**The data:**
***

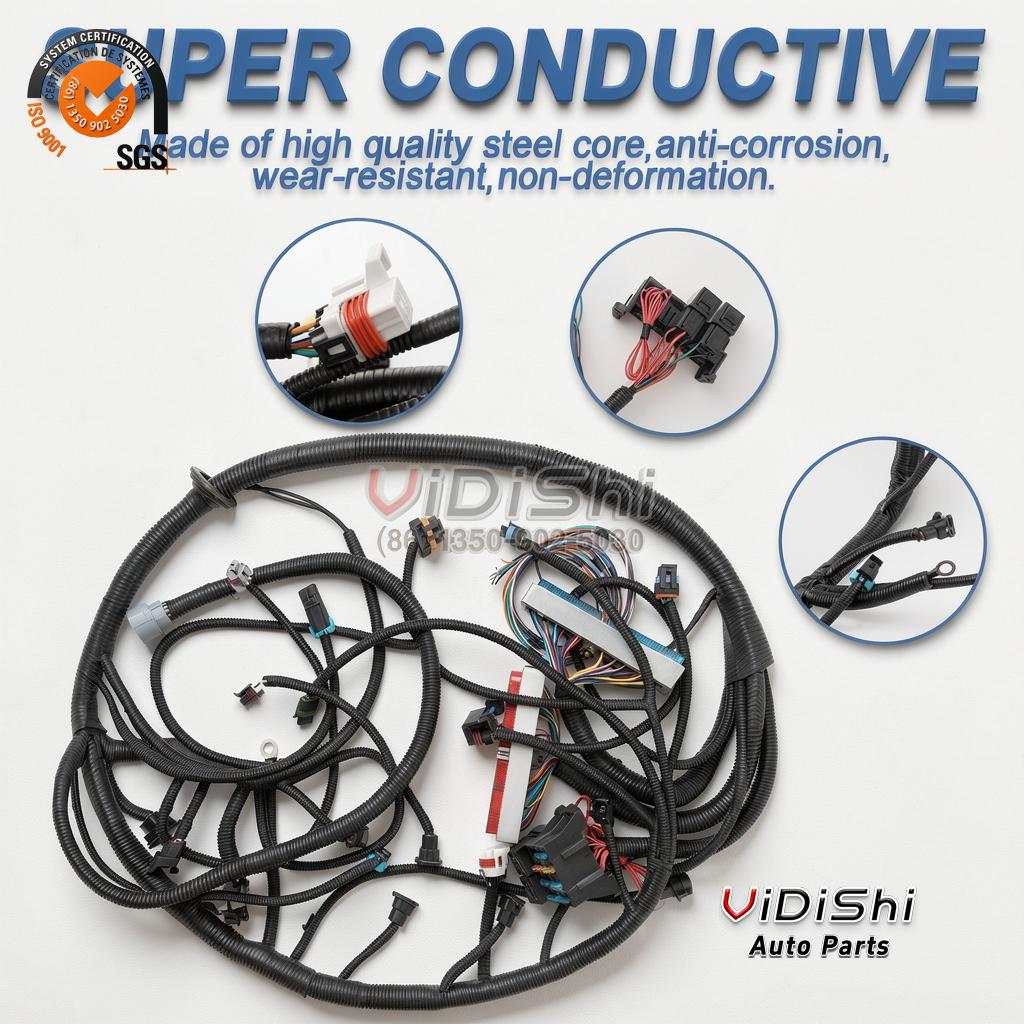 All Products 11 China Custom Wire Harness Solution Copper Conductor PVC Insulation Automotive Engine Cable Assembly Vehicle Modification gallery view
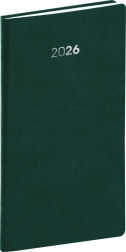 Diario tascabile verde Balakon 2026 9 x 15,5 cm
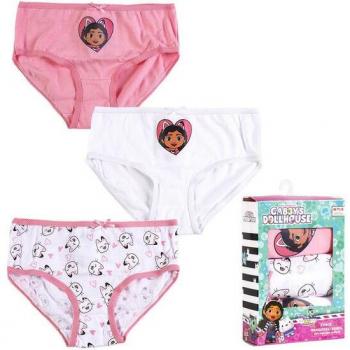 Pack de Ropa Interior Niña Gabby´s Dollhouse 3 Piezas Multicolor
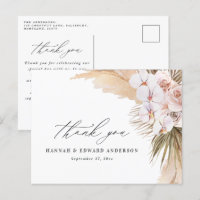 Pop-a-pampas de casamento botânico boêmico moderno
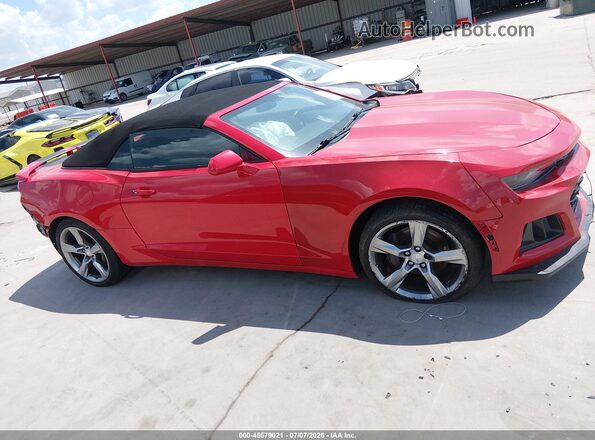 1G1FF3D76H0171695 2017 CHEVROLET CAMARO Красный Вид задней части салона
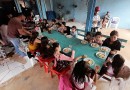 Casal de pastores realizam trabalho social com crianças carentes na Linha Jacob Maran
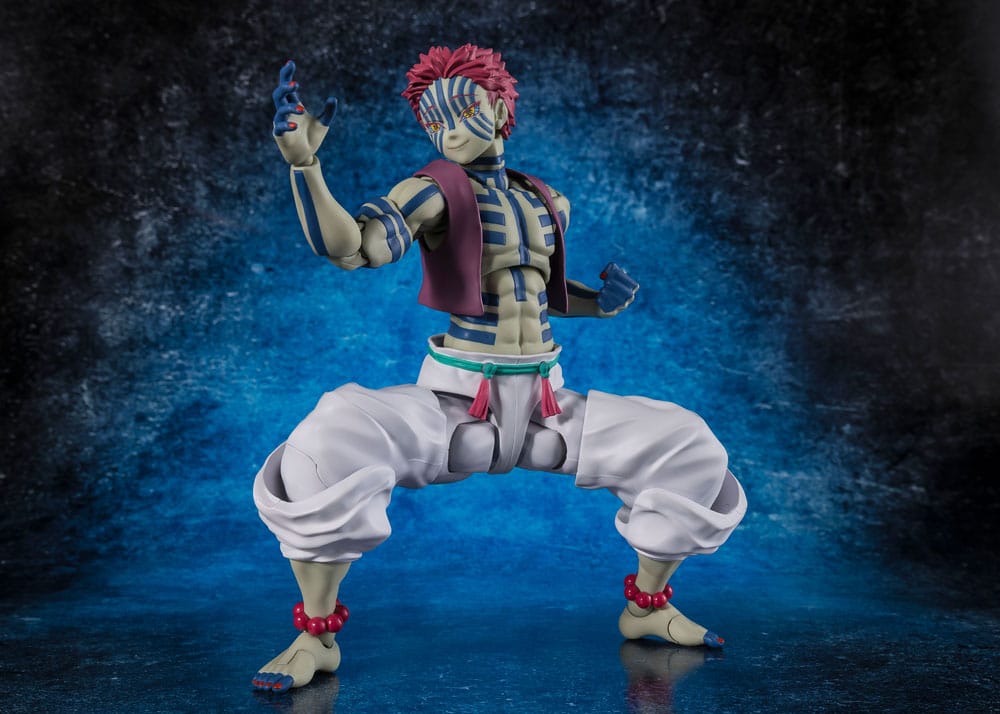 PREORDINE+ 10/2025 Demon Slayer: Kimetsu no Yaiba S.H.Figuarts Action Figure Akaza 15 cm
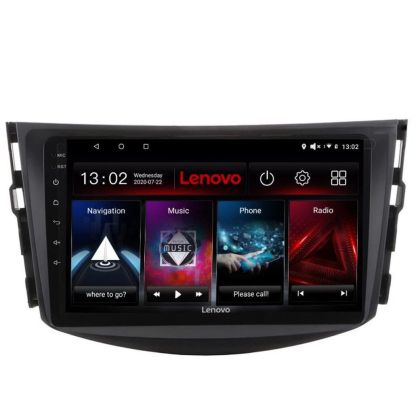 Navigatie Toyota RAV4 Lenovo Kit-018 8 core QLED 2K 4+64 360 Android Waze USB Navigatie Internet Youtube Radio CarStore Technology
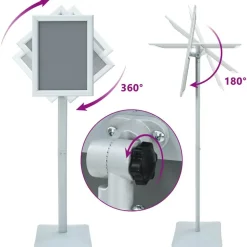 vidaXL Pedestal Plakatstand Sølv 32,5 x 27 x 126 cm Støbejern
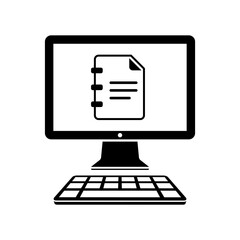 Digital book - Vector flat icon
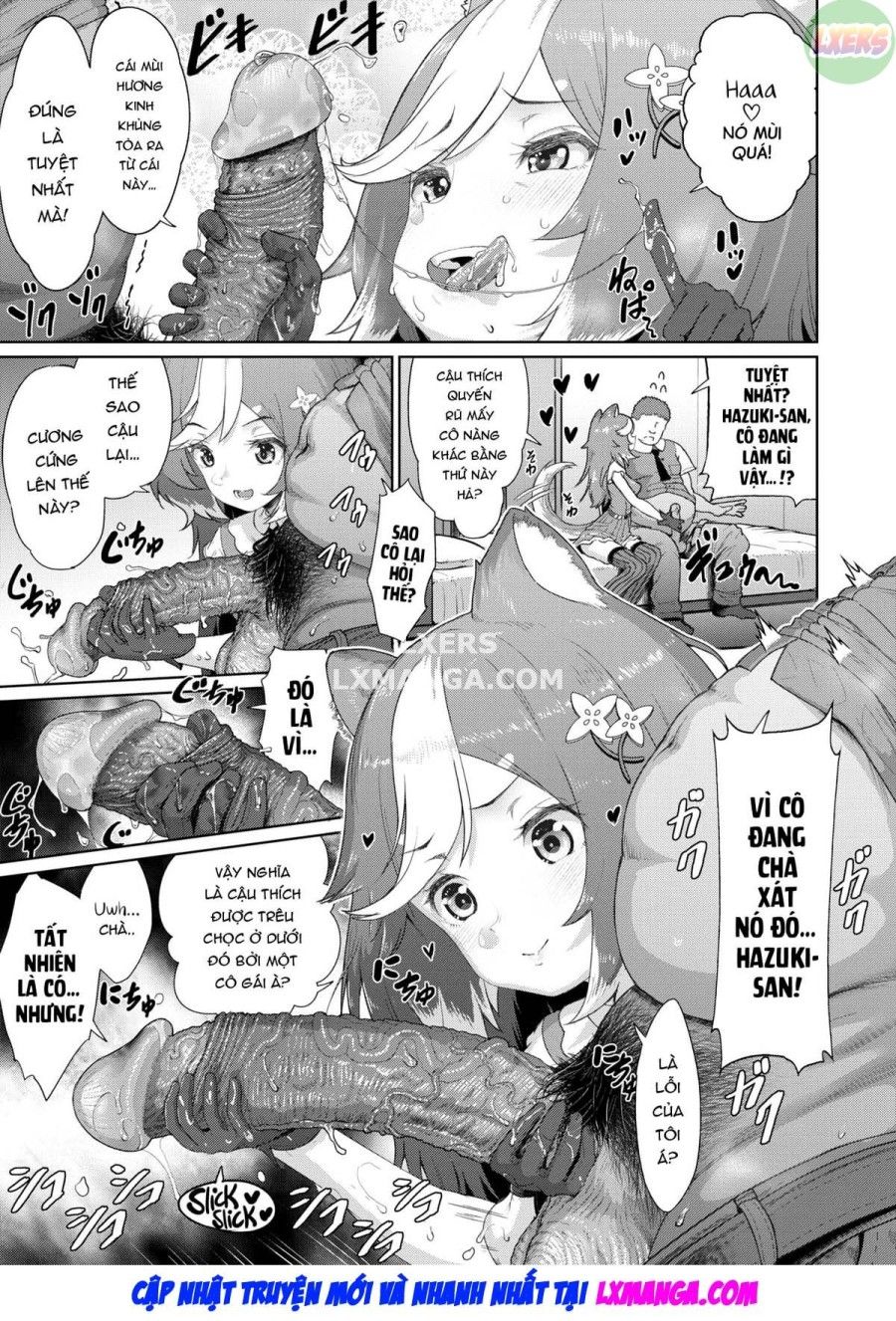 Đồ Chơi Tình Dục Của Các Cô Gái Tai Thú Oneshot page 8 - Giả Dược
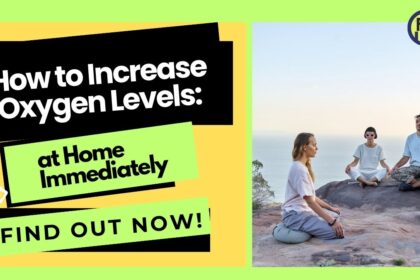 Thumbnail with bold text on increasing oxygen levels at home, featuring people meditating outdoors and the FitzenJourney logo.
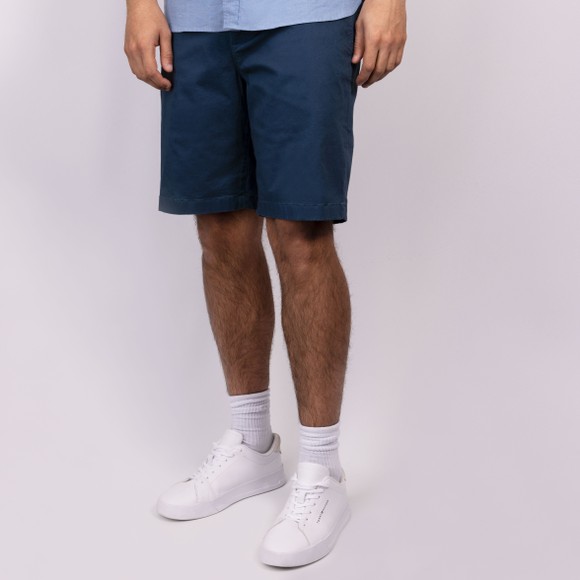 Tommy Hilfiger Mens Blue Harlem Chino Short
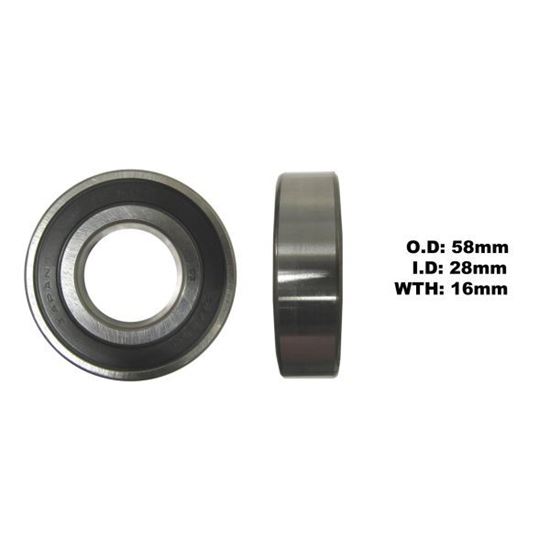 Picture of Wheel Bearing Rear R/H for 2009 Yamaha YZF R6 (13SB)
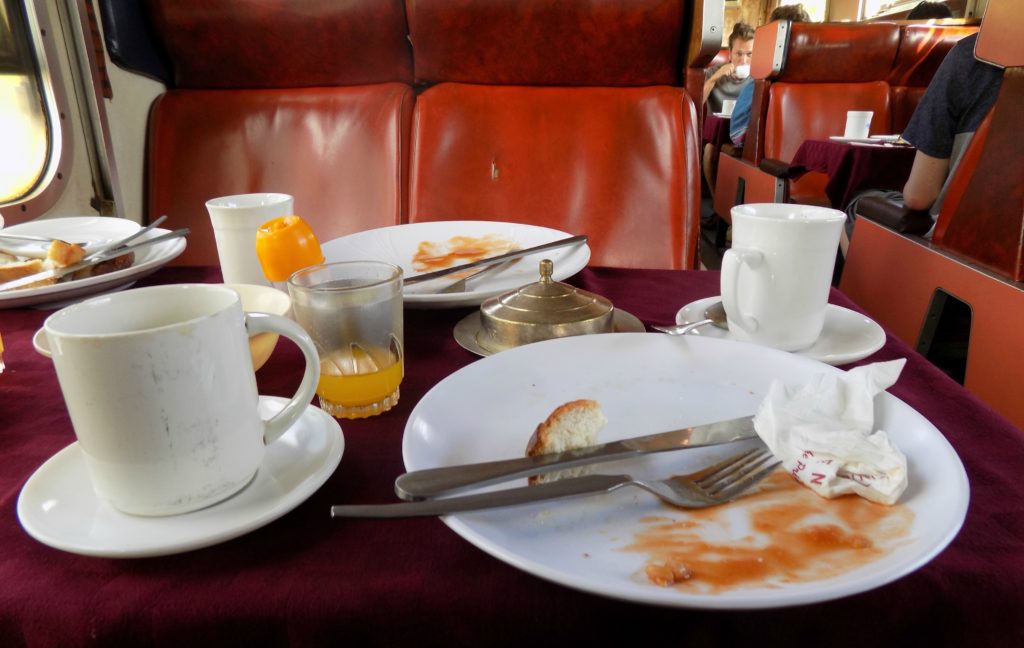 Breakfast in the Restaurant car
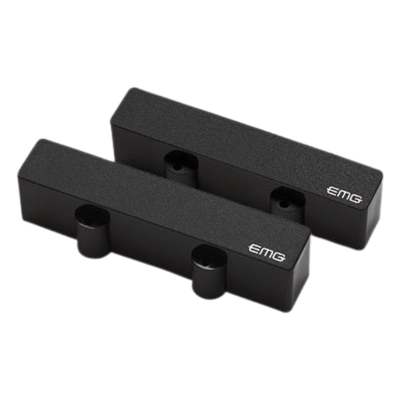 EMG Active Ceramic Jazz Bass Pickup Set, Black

***

**About this exercise:**
Word for word, write out the lines from the top of the records above down to the line holding "Pop-a-pampas de casamento", inclusive, but not the pictures.

**Solved problem:**
 All Products 11 China Custom Wire Harness Solution Copper Conductor PVC Insulation Automotive Engine Cable Assembly Vehicle Modification gallery view
 Diario tascabile verde Balakon 2026 9 x 15,5 cm
 Pack de Ropa Interior Niña Gabby´s Dollhouse 3 Piezas Multicolor
 Pop-a-pampas de casamento botânico boêmico moderno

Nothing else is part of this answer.